Batang – Badan Kesatuan Bangsa dan Politik (Kesbangpol) Kabupaten Batang, Jawa Tengah, mencatat puluhan warga di sana terpapar terorisme. Empat di antaranya meninggal saat penangkapan petugas.
“Total ada 20 orang yang terpapar, untuk 16 lainnya statusnya ditahan, atau narapidana terorisme. Empat lainnya meninggal saat penangkapan,” kata Kepala Badan Kesbangpol Kabupaten Batang Agung Wisnu Bharata di Batang, Senin (20/2/2023).
Dia menyebut metode penyebaran ideologi anti-Pancasila dilakukan melalui kegiatan organisasi dan unit kegiatan kepemudaan sebagai pintu masuk pengenalan terhadap radikalisme.
“Kemudian, ada media sosial juga digunakan untuk menyebarkan paham di kalangan anak muda. Lalu sering memanfaatkan organisasi dan unit kegiatan kepemudaan sebagai pintu masuk pengenalan terhadap radikalisme. Namun untuk di sekolah-sekolah belum terdeteksi,” ungkapnya.
Dia memastikan 20 warga Kabupaten Batang itu berstatus teroris, bukan sekadar radikal. Sebab, meski seseorang berpaham radikal tapi belum tentu teroris. Radikalisme adalah proses transformasi menuju paham yang ekstrem. Sedangkan terorisme bersifat menghalalkan segala cara misalnya bunuh diri dianggap jihad.
“Untuk wilayah yang terdeteksi jadi kantong penyebaran ajaran radikalisme ada di enam kecamatan,” ujarnya.

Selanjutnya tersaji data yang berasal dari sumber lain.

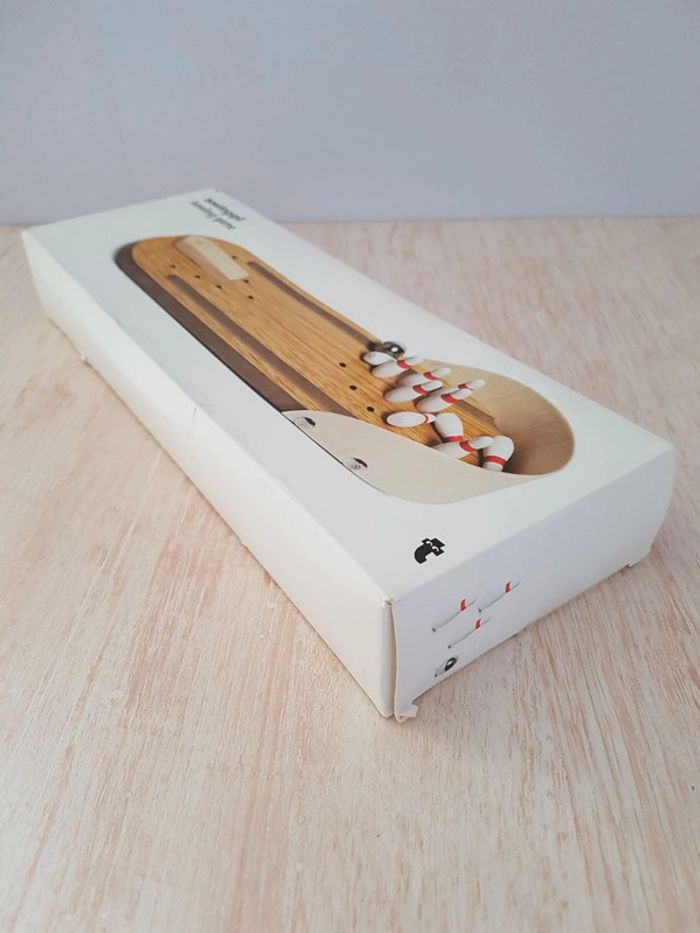 Bowling jeu de quilles miniatures en bois Flying tiger - photo numéro 19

Pemkab Batang sendiri melakukan penanganan radikalisme bersifat lunak dan preventif. Sedangkan untuk kelompok yang rentan terpapar radikalisme, antara lain kaum muda atau milenial.
“Jadi tidak hanya itu, tapi juga kelompok yang memiliki kesenjangan sosial, ekonomi, kelompok marginal atau termarginalisasi,” ungkapnya.
Kasi Intel Kejari Batang, Ridwan Gaos Natasukmana mengatakan pengertian hukum radikalisme dalam Undang-Undang Nomor 5 tahun 2018 tentang Perubahan atas UU Nomor 15 Tahun 2003 tentang Penetapan Peraturan Pemerintah Pengganti Undang-Undang Nomor 1 Tahun 2002 tentang Pemberantasan Tindak Pidana Terorisme menjadi Undang-Undang.
Di situ dijelaskan radikal adalah setiap upaya membongkar sistem yang sudah mapan yang sudah ada dalam kehidupan bernegara dengan cara kekerasan.
“Menurut hukum, radikalisme adalah suatu tindakan kekerasan untuk anti-Pancasila, anti-NKRI, anti-Kebhinnekaan dan intoleransi, sehingga semua orang yang berbeda dengannya dianggap salah,” tutup dia.